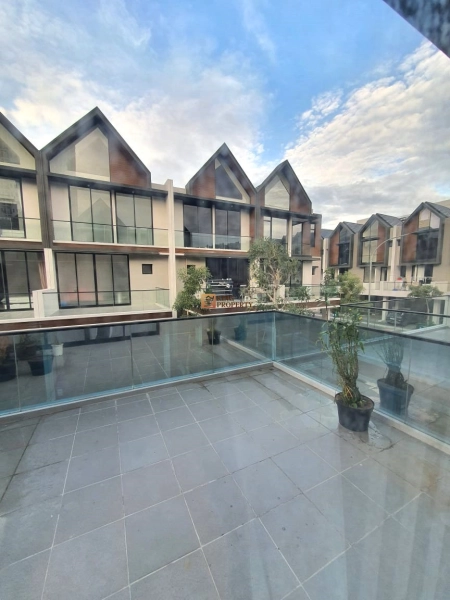 Jakarta Utara Rumah Keren Bikin Naksir! Terrace House Concept Osaka Residence PIK2 3 Lantai 3BR+1BR 6x10 1 whatsapp_image_2025_11_14_at_14_48_021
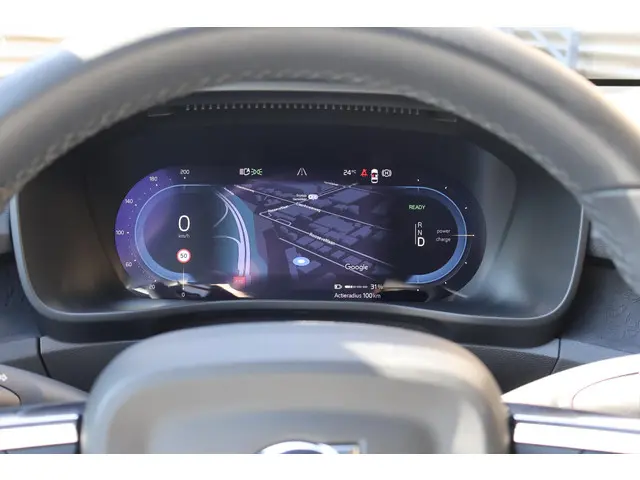 Volvo C40 Recharge Plus 69 kWh 2023 Elektrisch 33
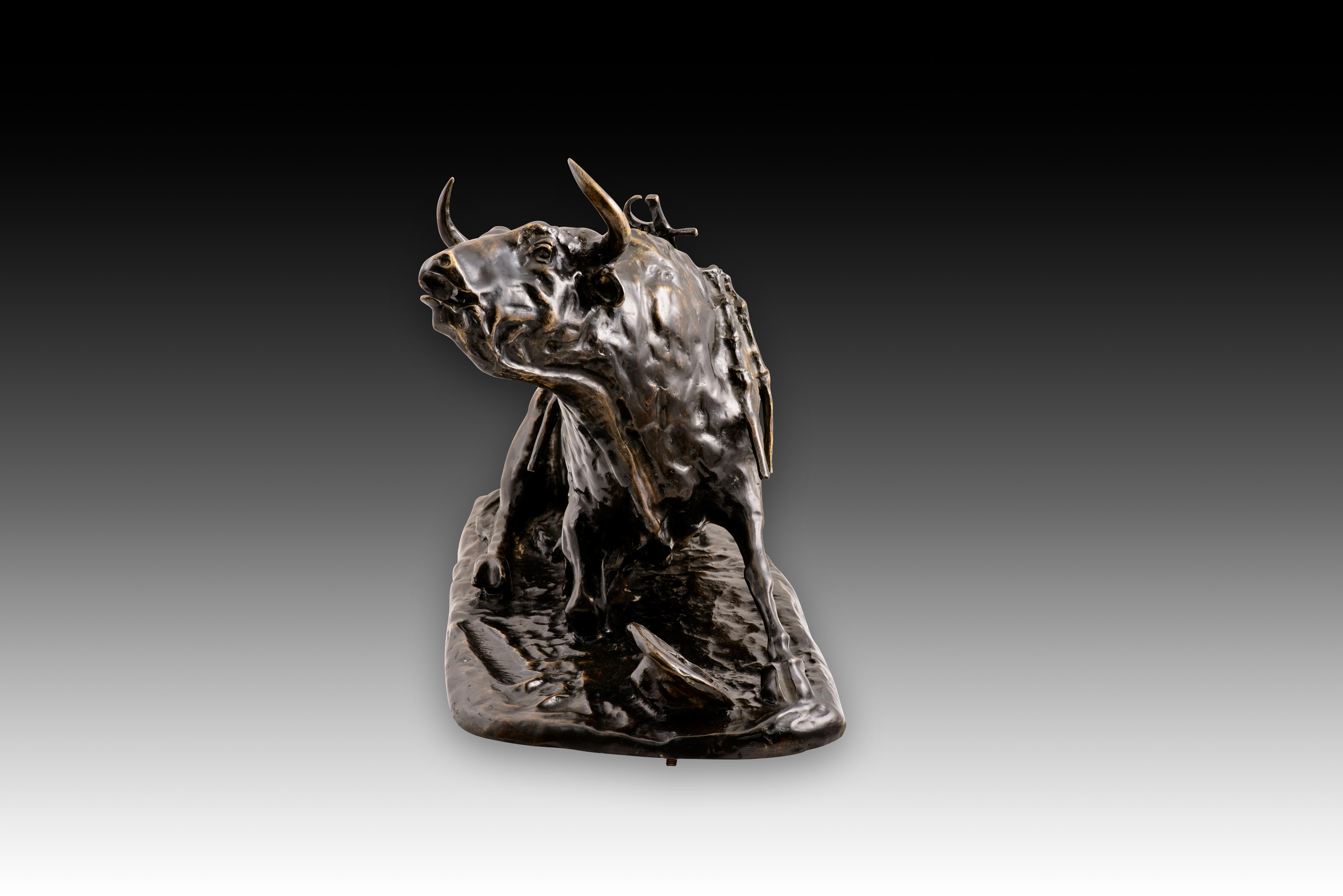 Verwundeter Stier. Bronze. BONILLA VILLALBA, Francisco (1920-1978). (20. Jahrhundert) im Angebot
____________________
◆ **ACTION ITEM**
Once you have returned the line containing "Volvo C40 Recharge", stop; begin at the first line of the material, keep each line exact, and skip the pictures.

◆ **EXERCISE SOLUTION**
 Jakarta Utara Rumah Keren Bikin Naksir! Terrace House Concept Osaka Residence PIK2 3 Lantai 3BR+1BR 6x10 1 whatsapp_image_2025_11_14_at_14_48_021
 Volvo C40 Recharge Plus 69 kWh 2023 Elektrisch 33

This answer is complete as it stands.